Wooing Pak Hindus: What's the real reason?

The Indian authorities give the impression of seeking to lure Pakistani Hindus to India, probably for reasons to do with domestic politics.

Update: 2016-04-18 19:17 GMT
Refugees from Pakistan who live in India hold the Indian flag as they gather for a protest on Pakistan s Independence Day in New Delhi. (Photo: PTI/File)

The government is said to be mulling a series of facilities for Hindus from Pakistan who are residing in India on long-term visas (LTVs). These include permission to buy property, open bank accounts, and obtain PAN and Aadhaar cards. If any of them choose to get themselves registered for Indian citizenship, the fees are likely to be slashed drastically — from Rs 15,000 to a token Rs 100. In sum, if seemingly government-inspired media reports are sustainable, the Indian authorities give the impression of seeking to lure Pakistani Hindus to India, probably for reasons to do with domestic politics.

While this appears to be the main thrust, probably in order not to give the move a partisan Hindu colour, the BJP-led government’s hinted-at policy, at the level of formality, will permit generous facilities for holders of LTVs belonging to the “minorities” of not just Pakistan but also Bangladesh and Afghanistan, and not specify Hindus (or Sikhs).
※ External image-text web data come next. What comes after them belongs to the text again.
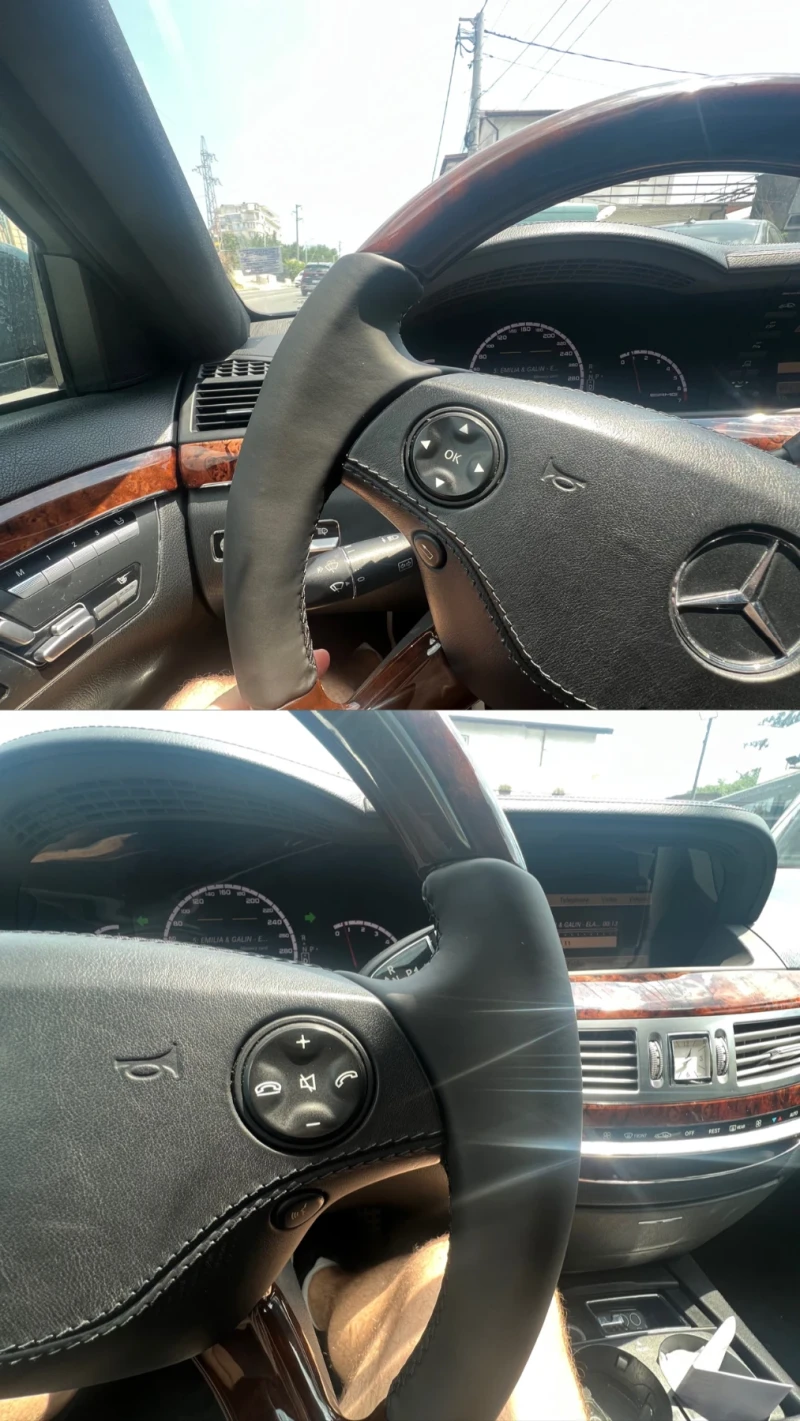 Mercedes-Benz S 500 5.5 V8 | ABC | AMG | CARPLAY, снимка 13 - Автомобили и джипове - 52259887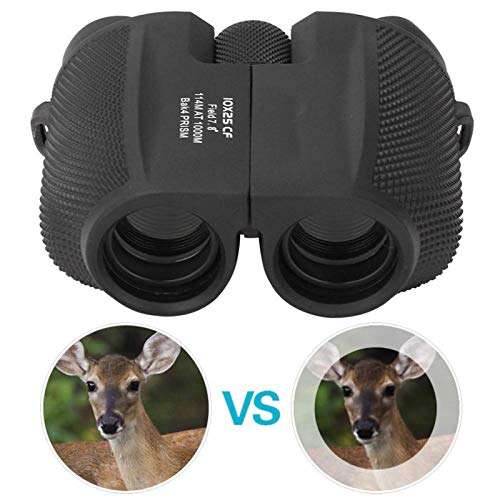 Goshyda 10X25 HD Binocular Telescope, BAK4 Prism 7.8░ Vision 10 Times Magnification Daily Waterproof Binocular for Sports Events 6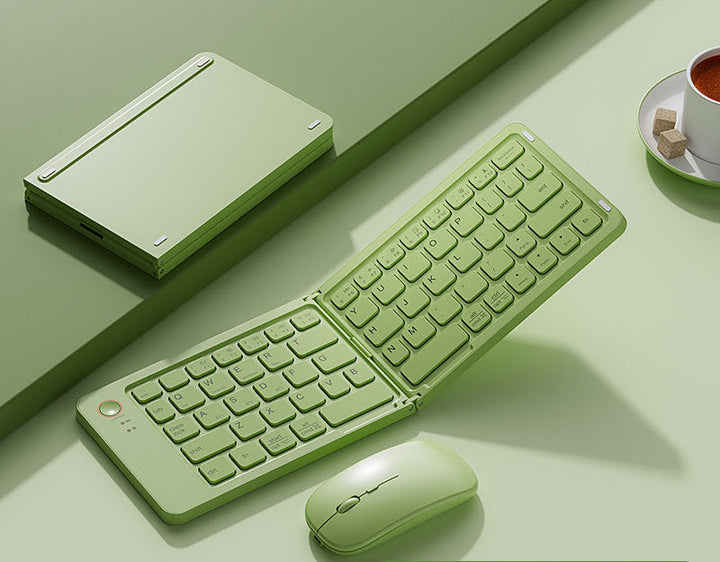 Foldable Bluetooth Keyboard and Mouse Combo Bowlift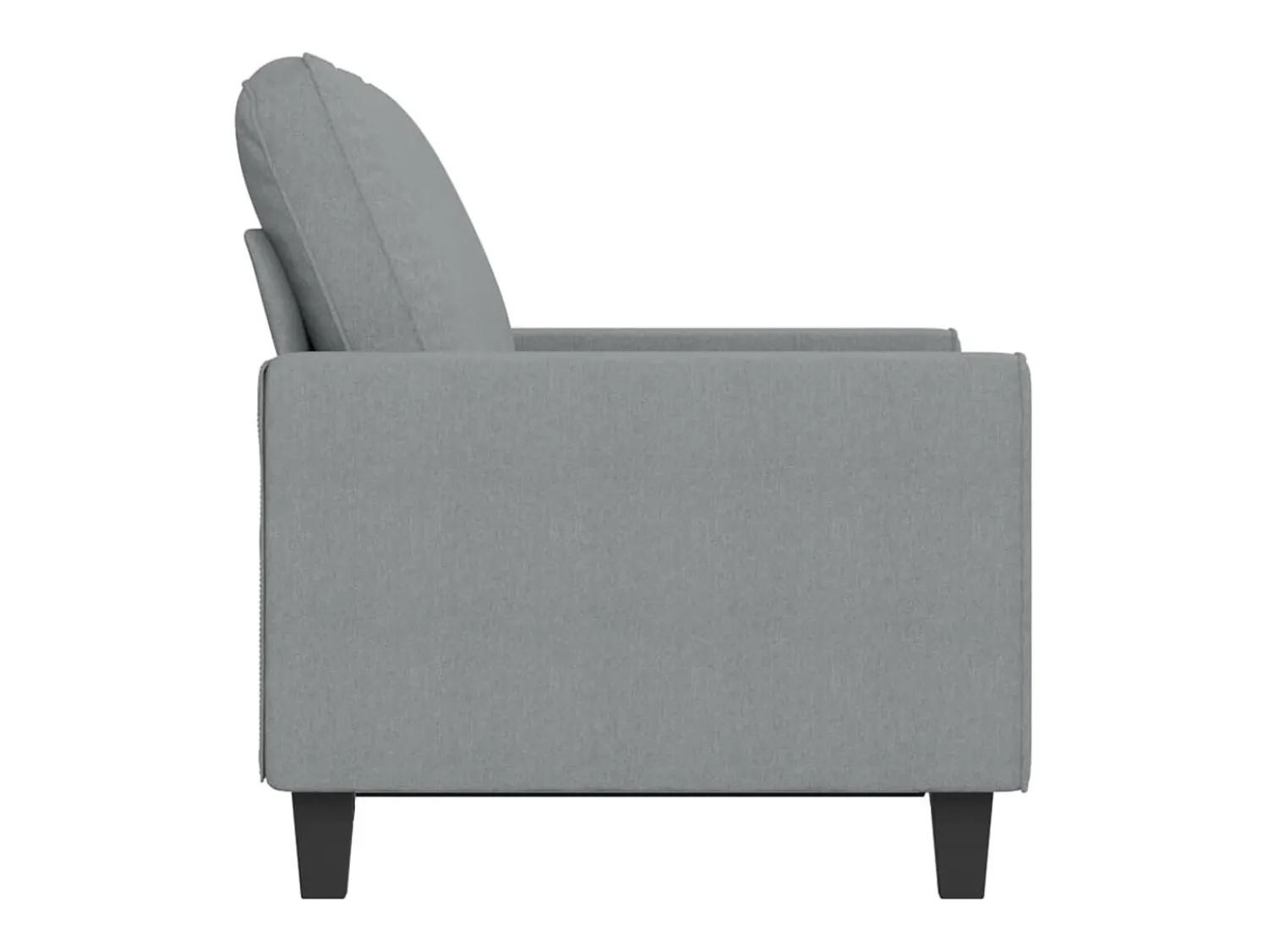Sofá| Sofá de 2 lugares em tecido 120 cm cinzento-claro PT990774 Cinzento claro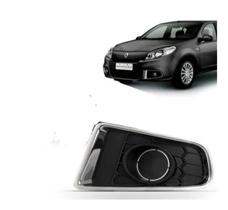 Par Grade Moldura Sandero 2011 12 13 2014 Cromado Sem Furo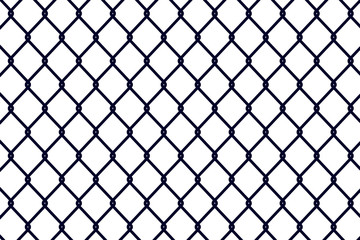 Poster - Fence black background - vector for stock
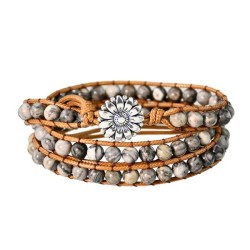 occidental style ethnic style half gem beads bracelet woman handmade weave bra..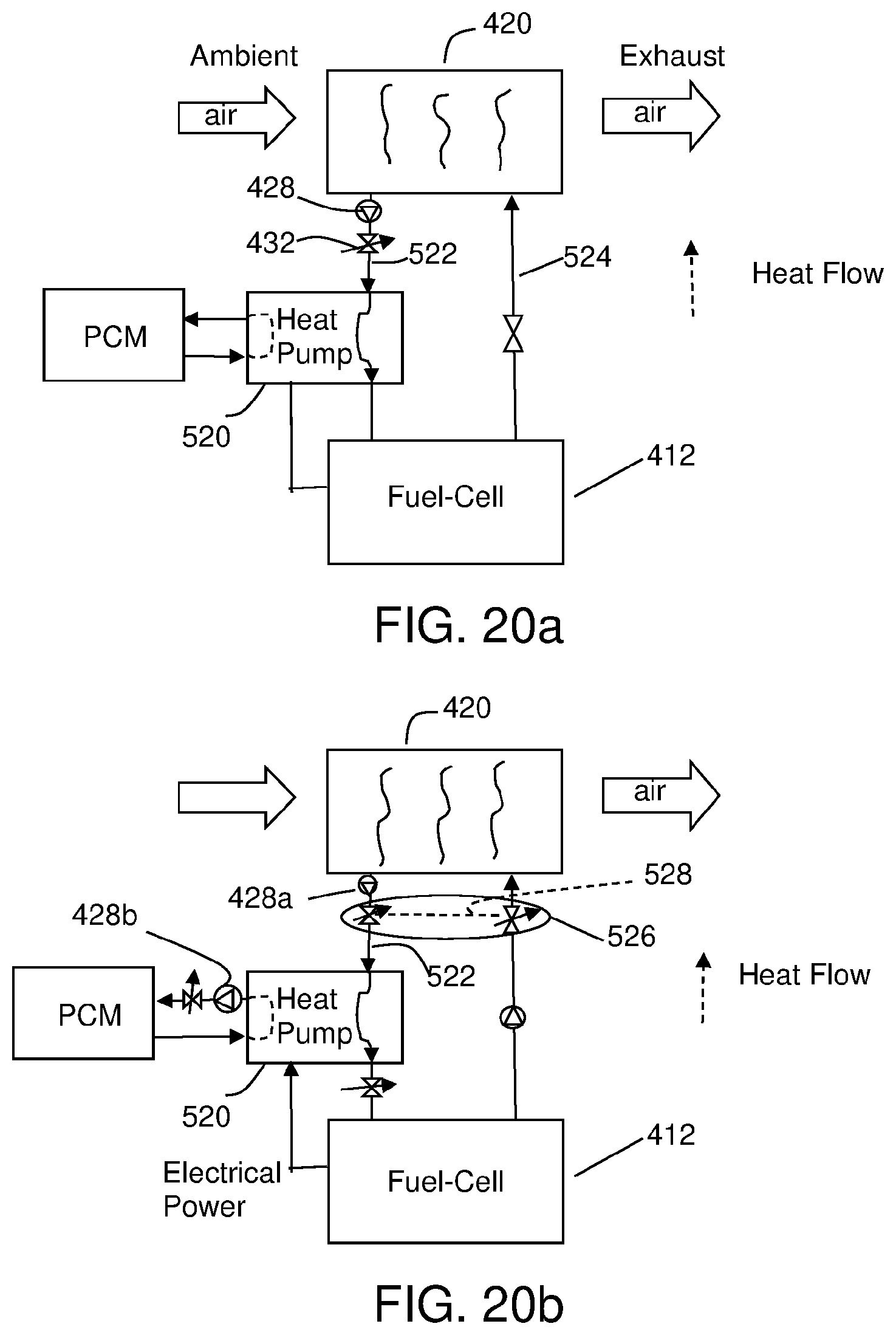 Patent US12347896 Figure 19 – Pumped two-phase fuel cell cooling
Many may thus wonder if Pakistani Christians will also make the cut, or for that matter the Ahmadis, also known as Qadianis, who are repressed in Pakistan as a matter of state policy as they are no longer considered Muslim, as they used to be and still desire to be.

The move looks to be ill-considered and the governments of the countries in question will not be unjustified in lodging a protest if this thinking were to be concretised. It needs to be noted that there is no official policy of repression against the minorities, of even the Hindus, in Pakistan, leave alone Bangladesh and Afghanistan.

Hindus, in particular, have sometimes suffered in Pakistan and in Bangladesh — and Christians in Pakistan — but episodes of attack on account of their faith have generally had social and political proximate causes — as is the case in India in relation to Muslims — unrelated to state action.  In the case of Pakistan, it is salutary to remember that let alone the religious minorities, even prominent liberals have come under attack, although they may be of the Muslim faith, as in the case of the Punjab governor Salman Taseer, who was assassinated by one of his bodyguards. The country, as a whole, seems to have suffered in the wider context of Islamic extremism being encouraged as a matter of state policy at various times.

In the early Eighties, during the “anti-foreigner” agitation in Assam, the BJP was keen to let Bangladeshi Hindus filter into India (although they hardly ever did that), but choke the illegal immigration of Muslims. This was a purely religion-driven approach, hardly worthy of a democracy. It would be another matter if any individual or group suffering state victimisation sought asylum.